(About this exercise): Since only part of the material below is wanted, output exactly the lines from the one with "21/4/24. The group" up to and including the one with "Keywords: Apr24 Sunday Adrian Thomas".

(Data for processing):
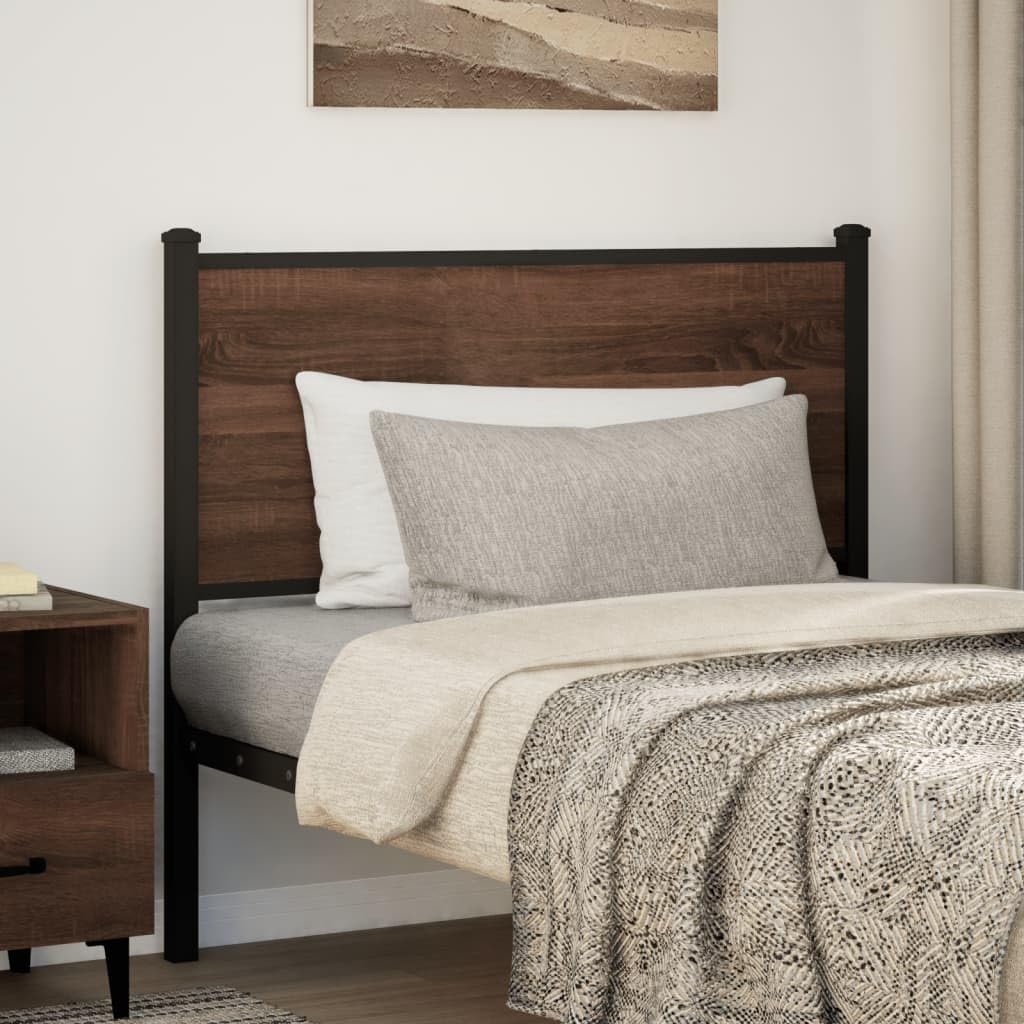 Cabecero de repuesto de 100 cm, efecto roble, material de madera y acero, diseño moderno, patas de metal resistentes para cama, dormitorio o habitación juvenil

---

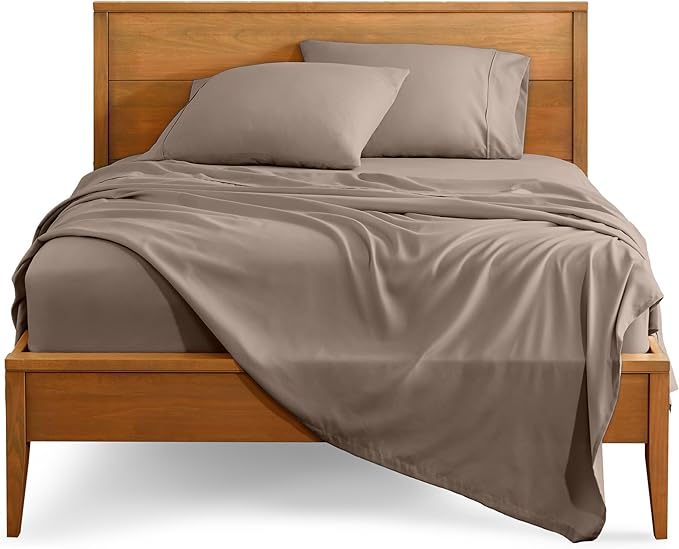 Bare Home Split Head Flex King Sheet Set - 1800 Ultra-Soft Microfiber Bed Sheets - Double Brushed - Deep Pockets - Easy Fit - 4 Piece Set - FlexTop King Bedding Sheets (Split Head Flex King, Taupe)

...

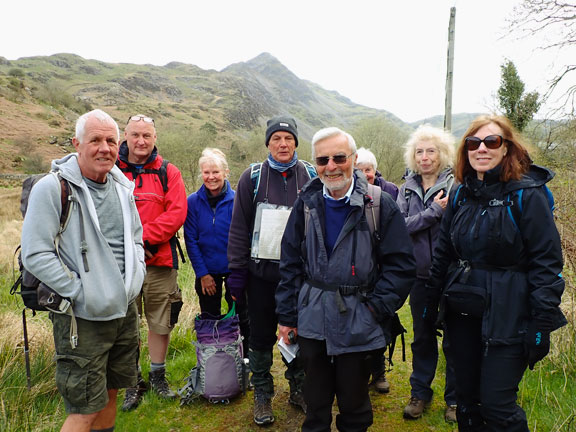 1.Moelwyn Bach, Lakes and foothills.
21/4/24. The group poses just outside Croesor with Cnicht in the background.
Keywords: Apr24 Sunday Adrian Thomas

(Your response):
21/4/24. The group poses just outside Croesor with Cnicht in the background.
Keywords: Apr24 Sunday Adrian Thomas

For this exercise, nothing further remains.